State halts legal fee support for Judge Thomas Estes

Judge Thomas H. Estes is now paying his own way as he fights to keep his job and fend off a harassment lawsuit.

Judge Thomas H. Estes is now paying his own way as he fights to keep his job and fend off a harassment lawsuit.

When named in a complaint last July linked to his service on the Pittsfield Drug Court, Estes was defended at no cost to him by a lawyer with the Executive Office of the Trial Court.

But that initial Massachusetts Commission Against Discrimination sexual harassment complaint later was referred to the state panel that monitors judicial conduct.

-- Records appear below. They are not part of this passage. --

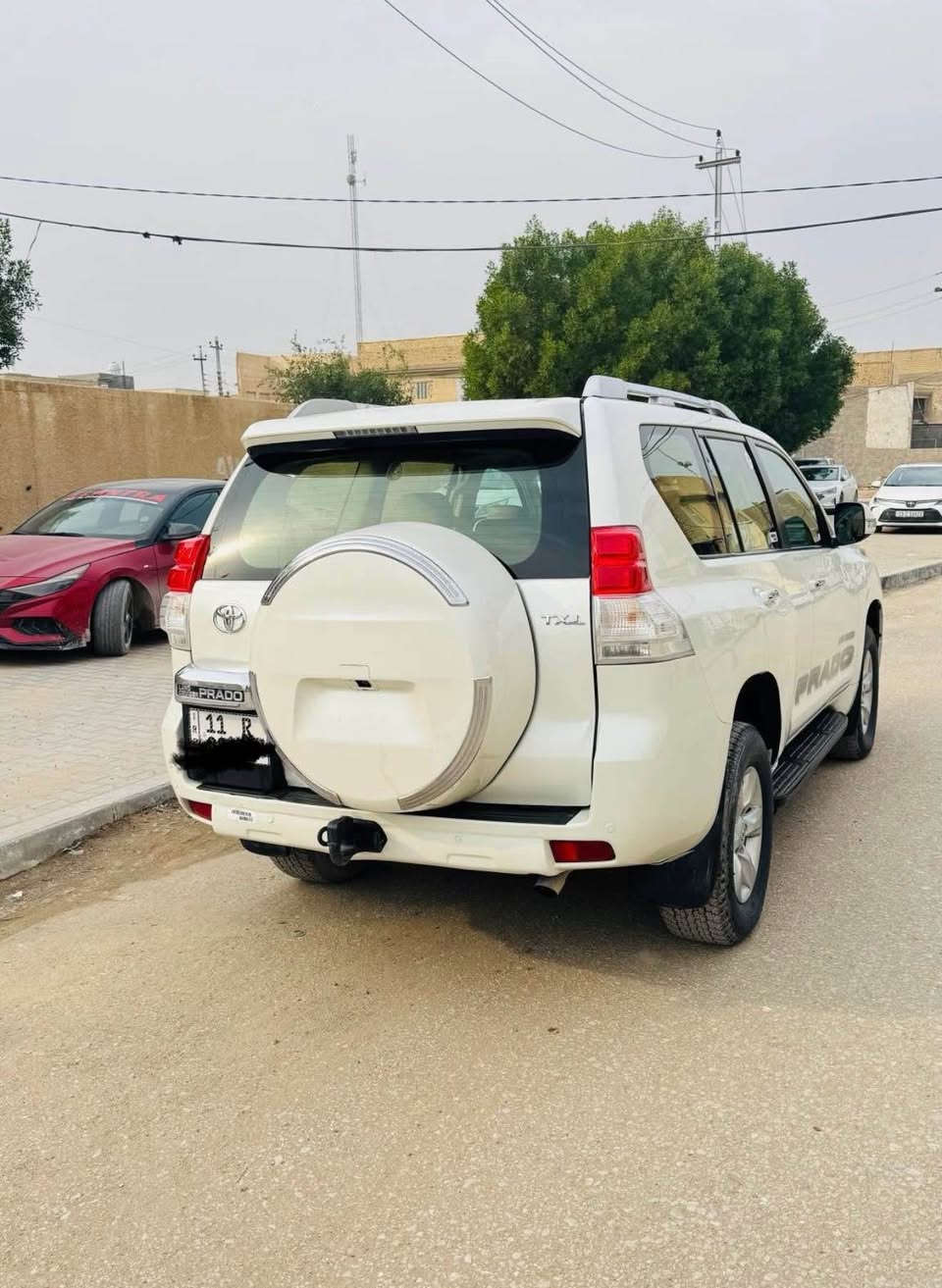 برادو 
كير مكينه حداديه تبريد. بلادي وضع شركه 
سبير مانزل  
عليا تخم تاير جديد 
سيارا مالت جناي  
برادو موديل 2013رقم بغداد مشروع وطني بسمي ماشيه 121 الف شرط  
-مواصفات 
عداد كيلو متر ١١١ 
١- كويتي اصلي امذهاب  🏅🏆
٢-بصمه
٣-فتحه
٤-ثلاجه
٥- مثبت سرعه 
٦- محرك ٦ سلندر
٧-شاشه
٨-كامره خلفيه
٩-مري شفط
١٠-تحكم ستيرن
١١-نظام تزحلق
١٢-حساسات
١٣-كشنات جلد
١٤-دفع رباعي
١٥-دبل تانكي
١٦-سبير تعليك
 ١٧- دبل كشن كهرباء 
 كفاله. ماعدا  دور الجاملغ الخلفي وباب رش فقط ولباقي لا شخوط. لا صبغ 
اي ستفسار على رقم
***********

سعر 265 وبيها مجال للشراي
العنوان نجف حي الجامعه النجف, العراق
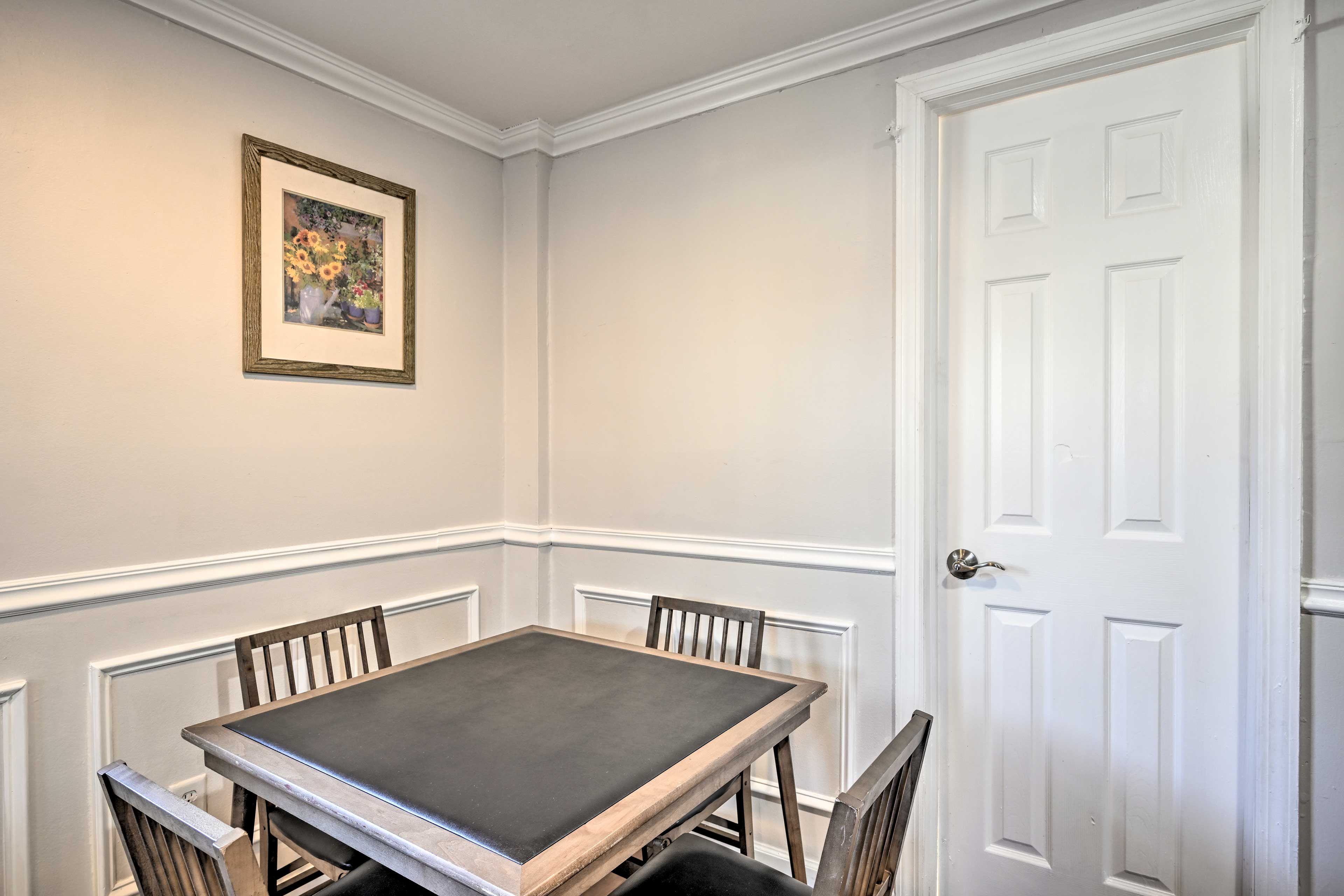 Dining Area | Dishware & Flatware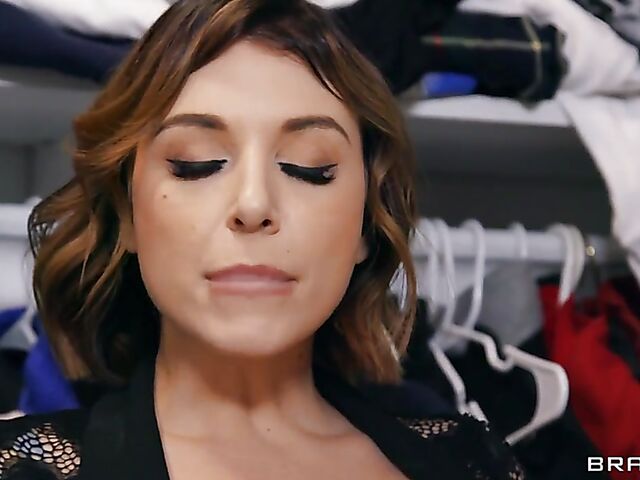 Big butt anal with curious woman Ivy Lebelle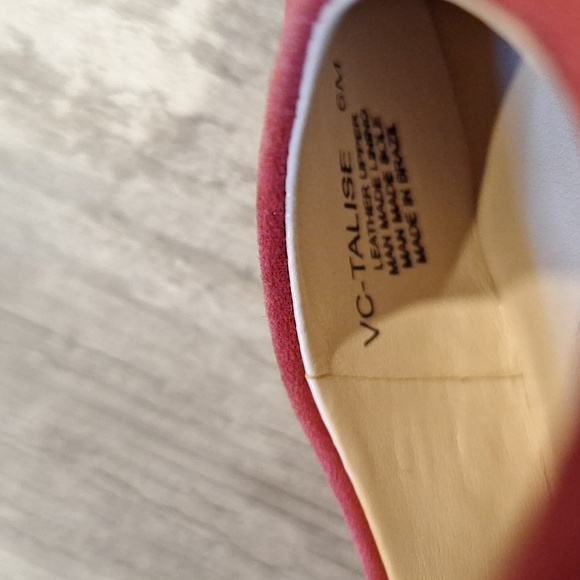 Vince Camuto Talise heels in red suede - EUC - Picture 7 of 7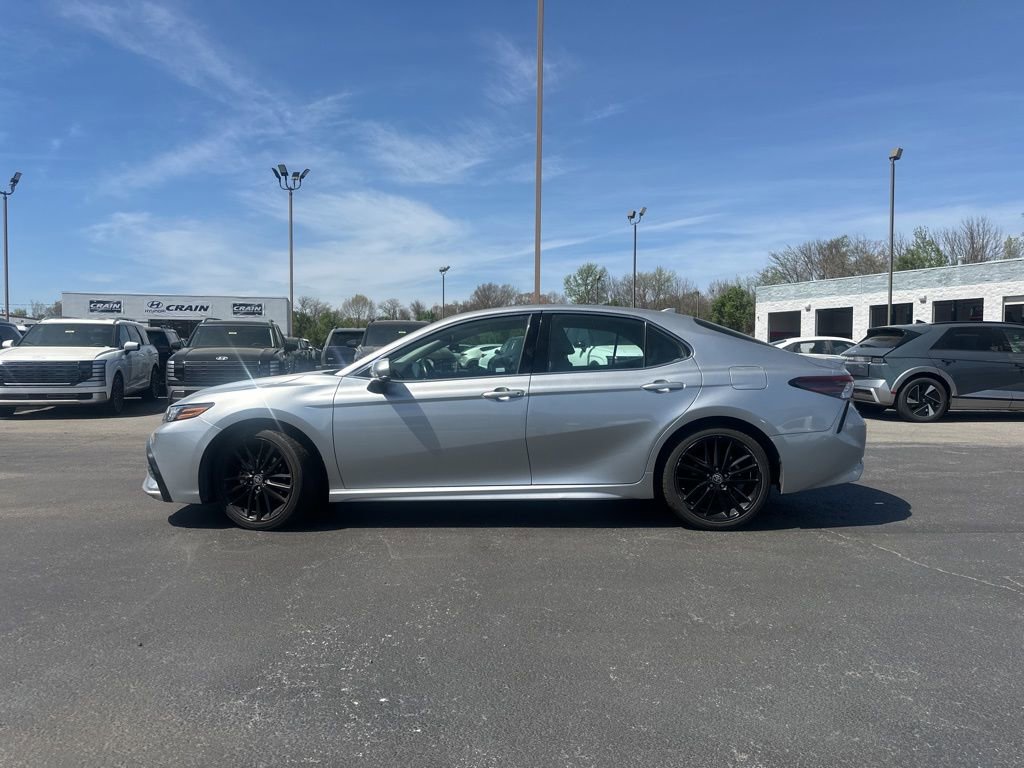 Used 2023 Toyota Camry XSE image 9
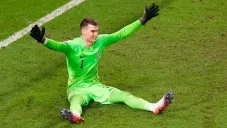 Dominik Livakovic, el primer arquero en parar los primeros dos penales en Mundiales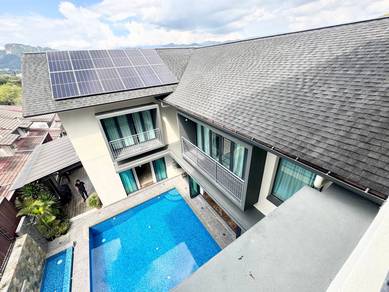 [LAND AREA 10,000sf] 2.5 Bungalow with swimming pool Wangsa Maju KL
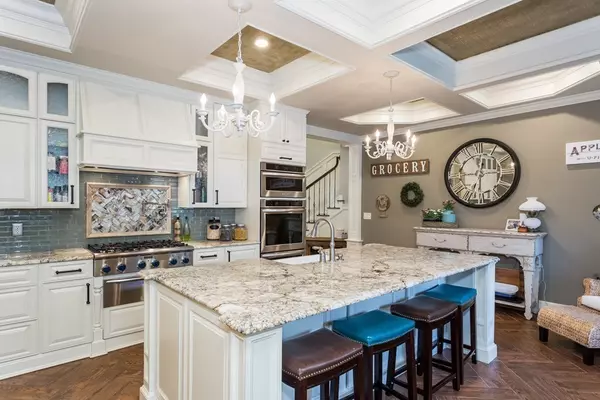 Wilbraham, MA 01095,9 Falcon Heights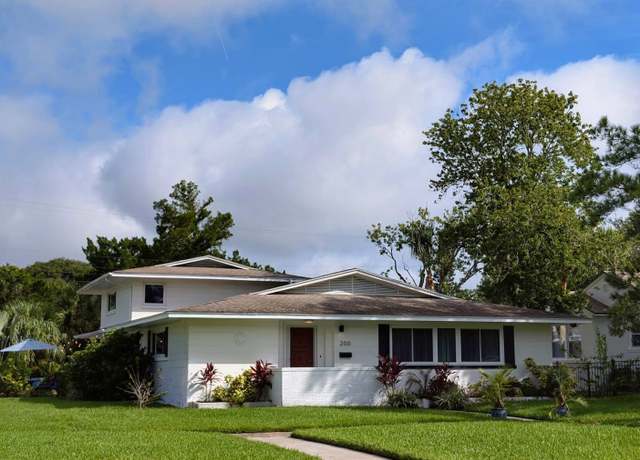 Property at 200 Oglethorpe Blvd, St Augustine, FL 32080, 3 beds, 3 baths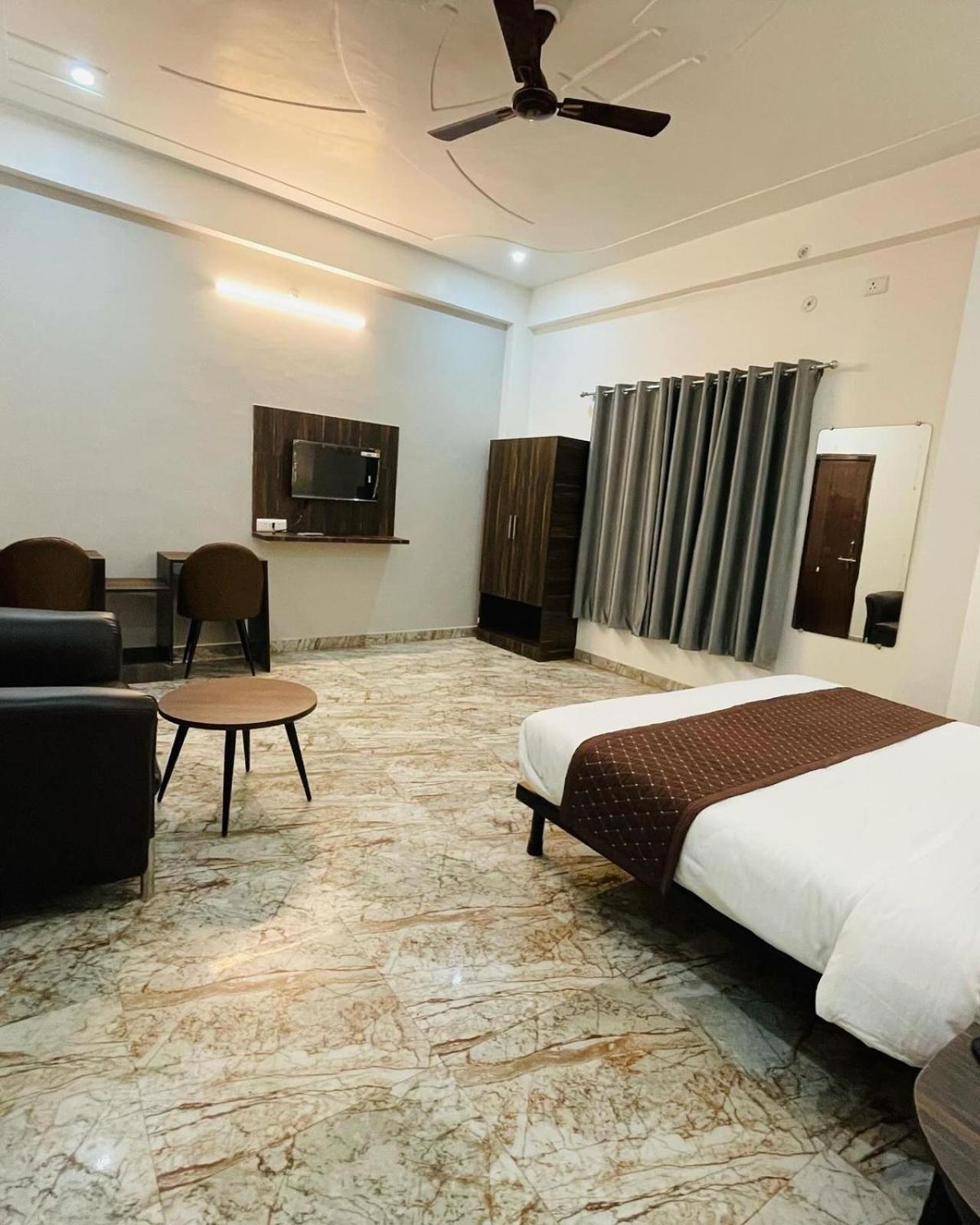 Hotel Sangam View Allāhābād Junction Dış mekan fotoğraf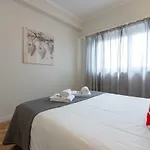 Trindade Sunny Downtown Apartment With Balcony & Ac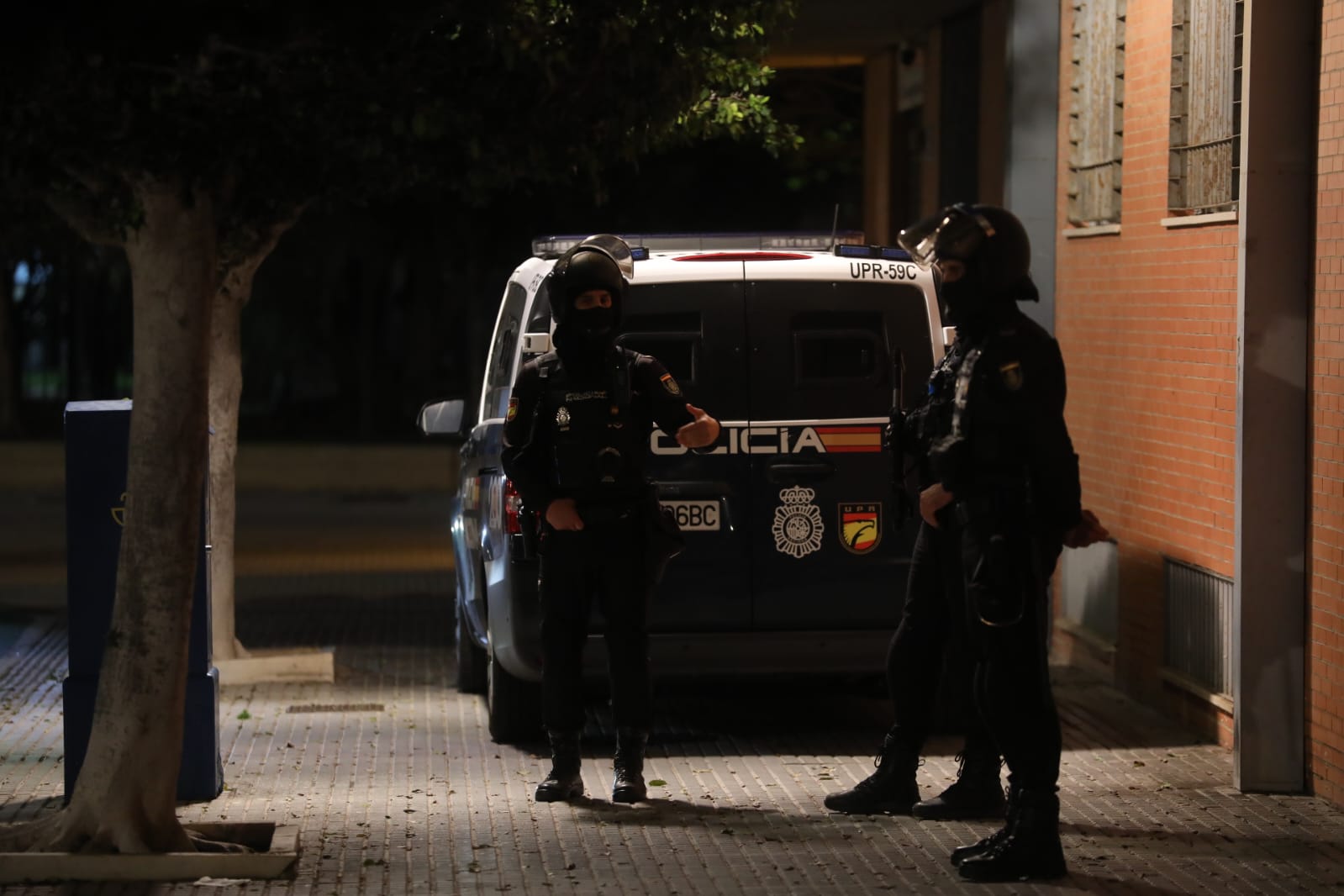 FOTOS: Gran despliegue policial en Cádiz contra el narcotráfico a tan solo tres días del inicio del Carnaval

After several months of study, the Commission on Judicial Conduct recommended that Estes no longer serve on the bench — and that the executive and legislative branches could elect to consider his impeachment.

Estes is working to save his judicial career and to rebuff a civil action that's moving forward in U.S. District Court in Springfield.

"The court is not paying for the judge's legal expenses in either matter," said Erika Gully-Santiago, a public information officer for the state court system.

Now, as an April 24 hearing on his future approaches before the Supreme Judicial Court, Estes is relying on a private attorney, David P. Hoose of the Northampton firm Sasson Turnbull Ryan & Hoose, to defend him before the top court.

At that hearing, Hoose must persuade justices not to adopt the commission's recommendation that Estes be suspended indefinitely without pay.

"The Commission ... respectfully submits that the gravity and nature of Judge Estes' misconduct is such that it renders him permanently unable to command the respect and moral authority essential to serve as a judge," the panel's chairman, Howard V. Neff III, wrote in a Jan. 17 finding made public in March.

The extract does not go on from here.